Two of our favorite songwriters have erased the lines that traditionally divide home and highway. Both Andrew Peterson and Randall Goodgame have walked the well-worn path of leaving family members behind for another run on the road. However, in recent years, both of these fathers-of-three have learned to ingratiate their families with their musical gifts for a new approach to their artistry—and a newfound joy in making music.
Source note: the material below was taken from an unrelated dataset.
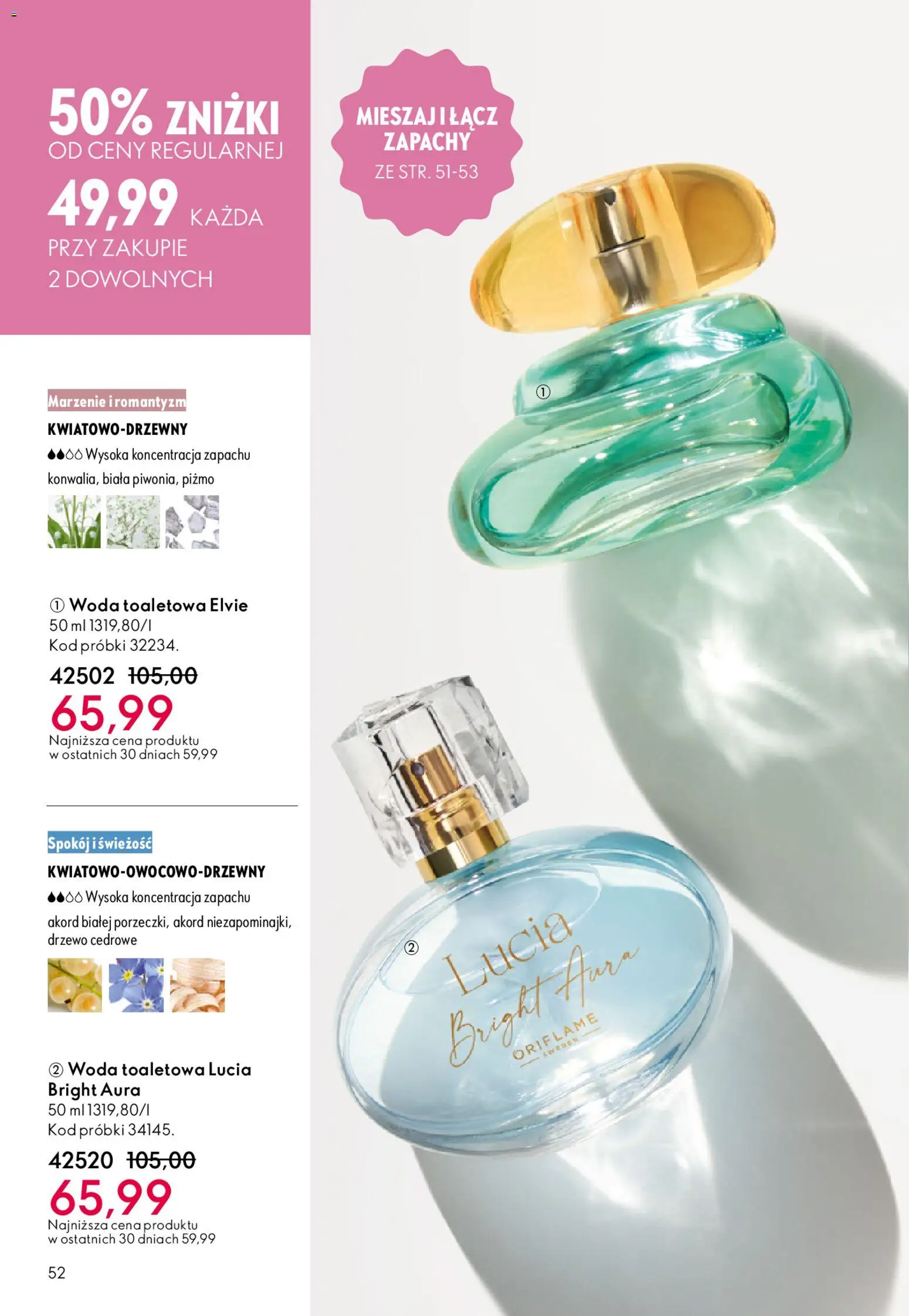 Oriflame Katalog 7 2026 od 06.05.2026 | Strona: 52 | Produkty: Woda toaletowa, Woda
Andrew Peterson and his wife, Jamie, have three children: Aedan (17), Asher (15) and Skye (13). Peterson’s earliest recordings and tours featured his wife singing along, but these days everyone has found a place within his music. Asher played drums on the release tour for The Burning Edge of Dawn. Skye often sings both on records and at various shows. Aedan not only joins in musically, but he’s also provided the illustration for his dad’s album covers.
Most recently, Peterson’s work as an author of the Christy Award-winning Wingfeather Saga—a four-book fantasy/adventure novel series for young adults—has given him another artistic outlet with which to impact families. A Kickstarter campaign to animate the young adult series was overwhelmingly successful, which means Peterson’s books will soon be pitched as a multi-season animated series with some of the folks behind Veggie Tales and How to Train Your Dragon hard at work on the project.
Randall Goodgame has found success both as an independent artist and songwriter for bands like Caedmon’s Call, Andrew Peterson, Jason Gray and others, but these days, his heart is pouring everything into the highly successful children’s music series Slugs & Bugs. The recently released Sing The Bible Vol. 2 features scripture songs tied with memorable melodies and is the fifth album in the catalog. Goodgame’s wife, Amy, and their three children—Livi (15), Jonah (13) and Ben (8)—can be heard on multiple recordings, and Livi even joined him for a recent U.K. tour, taking her studies on the road.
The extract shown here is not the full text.